Ich brauche einen Lorbeerkrantz (das ist son Ding was Cesar aufm Kopf hatte), wie erstelle ich so einen -  gibt es andere Möglichkeiten als den Zeichenstift?

 - 2 Dimensional, verstehst sich


Danke schöööön


----------



## PEZ (19. Januar 2004)

Huhu.

Das ist lustig. Genau das gleiche hab ich jetzt am Wochenende gebraucht. Ich habs aber dann doch verworfen. 

Es gibt mehrere Möglichkeiten. Einscannen und colorieren, Bauen und Fotografieren, in einem Vektorprogramm zeichnen, in Photoshop erstellen und und und... Es kommt ein bischen darauf an wie das Endergebnis aussehen soll.

Vielleicht kannst du da noch was näheres zu schreiben. ( Vielleicht hast du ja ein Beispielbild oder eine Stilvorlage an der wir uns orientieren können)

Gruss PEZ

edit: 2d = vektorzeichnung?


----------



## subzero (19. Januar 2004)

Vektorzeichnung wäre am besten, auch noch in Photoshop, da ich es auch für Kleidung brauche (Druck)

http://www.fatoe.com sowas in der Richtung!

//edit...
Bin aber langsam schon so weit und sage, ein Dingbath reicht mir *g*


----------



## Martin Schaefer (19. Januar 2004)

Hmm, du willst also die Form eines Lorbeerkranzes.
Form ... Da fällt mir doch spontan das "Eigene-Formen-Werkzeug" ein.
Und was kann man da machen? Ja, man kann auch externe Sammlungen
von Formen importieren und verwenden. WOW.
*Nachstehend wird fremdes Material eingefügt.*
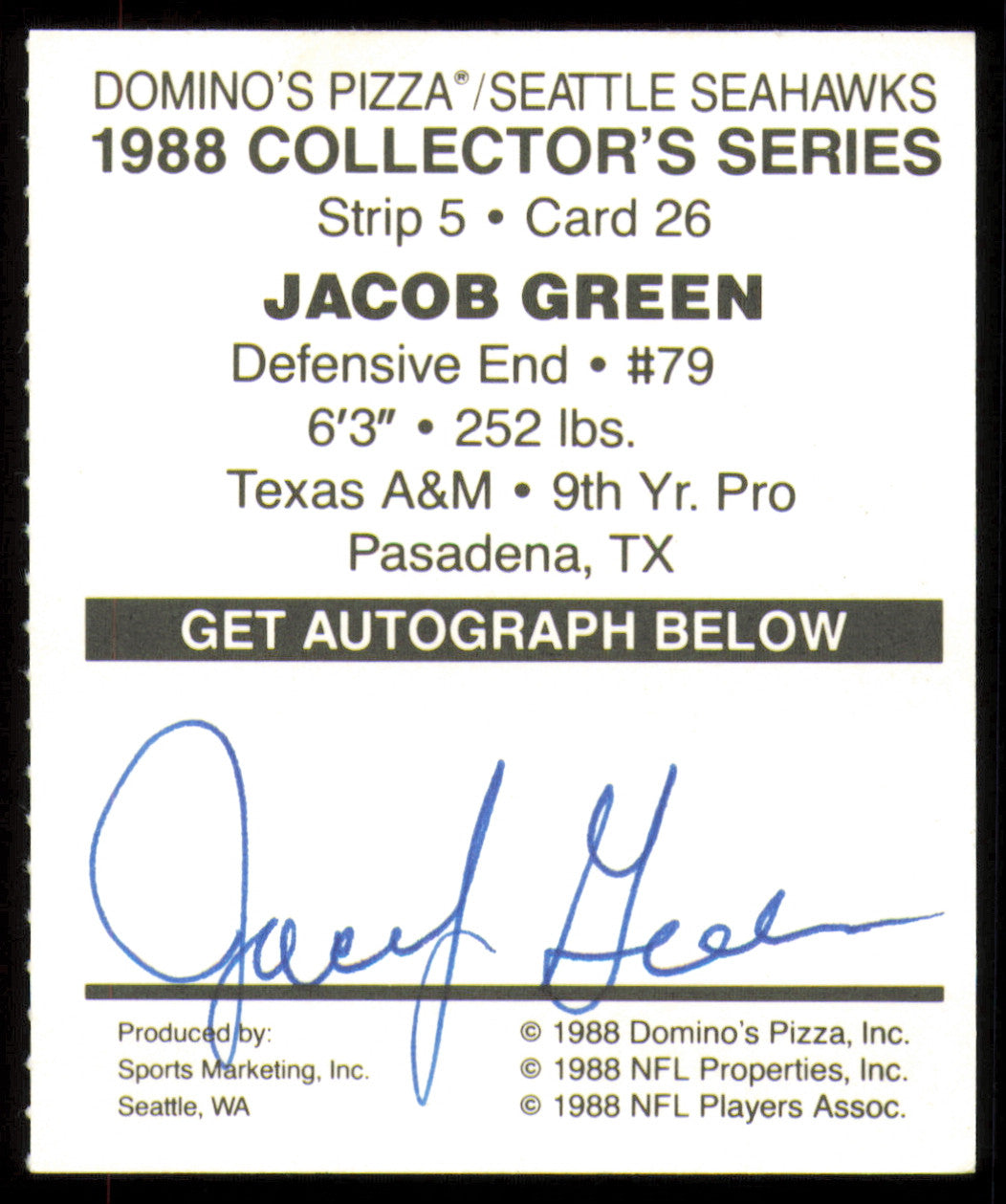 Jacob Green Autographed 1988 Domino's Pizza Card #26 Seattle Seahawks (Signed Twice) SKU #254854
Jetzt müsste man nur noch eine Sammlung von Formen finden,
wo ein Lorbeerkranz dabei ist. Au Backe, wie geht das denn?

Ach schau an: http://www.tutorials.de/tutorials128668.html
Das ist aber klasse, dass da jemand sich die Mühe gemacht hat. 

Und wie der Zufall so will findet sich so ganz schnell:
http://share.studio.adobe.com/axAssetDetailSubmit.asp?aID=9384

Na was soll man da sagen? Unglaublich, was man über tutorials.de alles findet, oder?  

Gruß
Martin


----------



## subzero (19. Januar 2004)

**lol**

Mhm, ich fasse es mal als Hilfe auf. Danke schön.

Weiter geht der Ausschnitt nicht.